State v. Gillihan

Annotate this Case

469 P.2d 514 (1970)

81 N.M. 535

STATE of New Mexico, Plaintiff-Appellee, v. Riley Iven Gillihan, alias Riley Coots, Defendant-Appellant.

No. 8980.

Supreme Court of New Mexico.

May 18, 1970.

J. Wayne Woodbury, Hilton A. Dickson, Jr., Silver City, for defendant-appellant.

James A. Maloney, Atty. Gen., Frank N. Chavez, Asst. Atty. Gen., Santa Fe, for plaintiff-appellee.


SISK, Justice.

Defendant was convicted by a jury on each of four separate counts of murder in the first degree. On each conviction the jury verdict provided that capital punishment be imposed. The trial judge sentenced the defendant to the death penalty on each separate conviction, in accordance with § 40A-2-1(A), N.M.S.A. 1953 and with the then applicable § 40A-29-2, N.M.S.A. 1953. On appeal, this court issued a mandate on September 10, 1969, remanding the case for resentencing in accordance with the newly enacted provisions of §§ 40A-29-2.1, -2.2 and -2.3. N.M.S.A. 1953 (Supp. 1969).

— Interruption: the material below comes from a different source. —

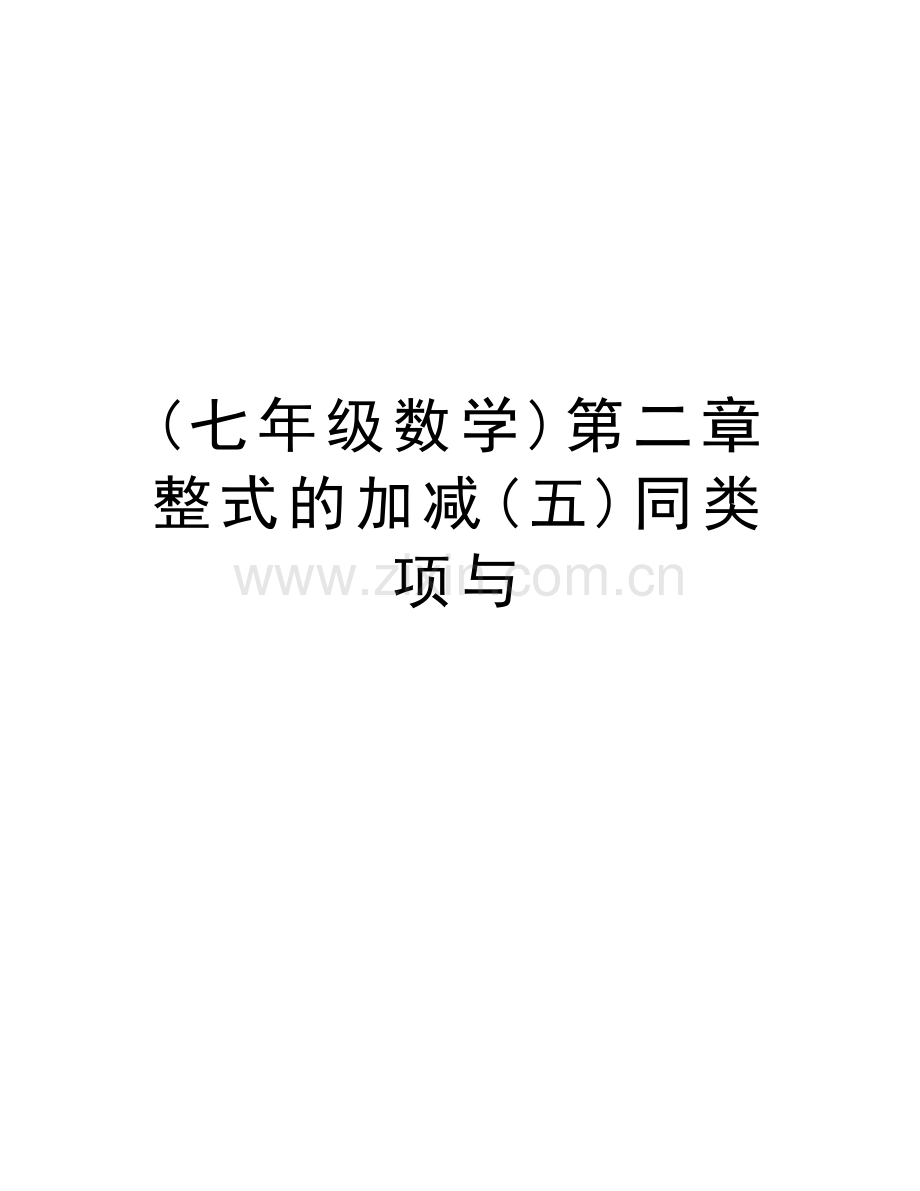 (七年级数学)第二章整式的加减(五)同类项与doc资料.doc_第1页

The court resentenced the defendant to life imprisonment on each of the four separate convictions, and provided that the second, third and fourth convictions be served concurrently with each other but consecutively to the life sentence imposed on the first conviction.

In this appeal, defendant contends that the court erred in imposing more than a single life sentence. We disagree, and hold that the consecutive life sentences imposed were permissible under the now applicable statutes, which provide:

"40A-29-2.1. Capital punishment limited. Punishment by death for any crime is abolished except for the crime of killing a police officer or prison or jail guard while in the performance of his duties and except if the jury recommends the death penalty when the defendant commits a second capital felony after time for due deliberation following commission of a capital felony. "40A-29-2.2. Maximum punishment. All crimes for which capital punishment is abolished by section 1 [40A-29-2.1] are punishable by a penalty of life imprisonment in the state penitentiary. "40A-29-2.3. Persons previously sentenced to death. Any person currently under penalty of death shall have such penalty revoked, and a penalty of life imprisonment substituted."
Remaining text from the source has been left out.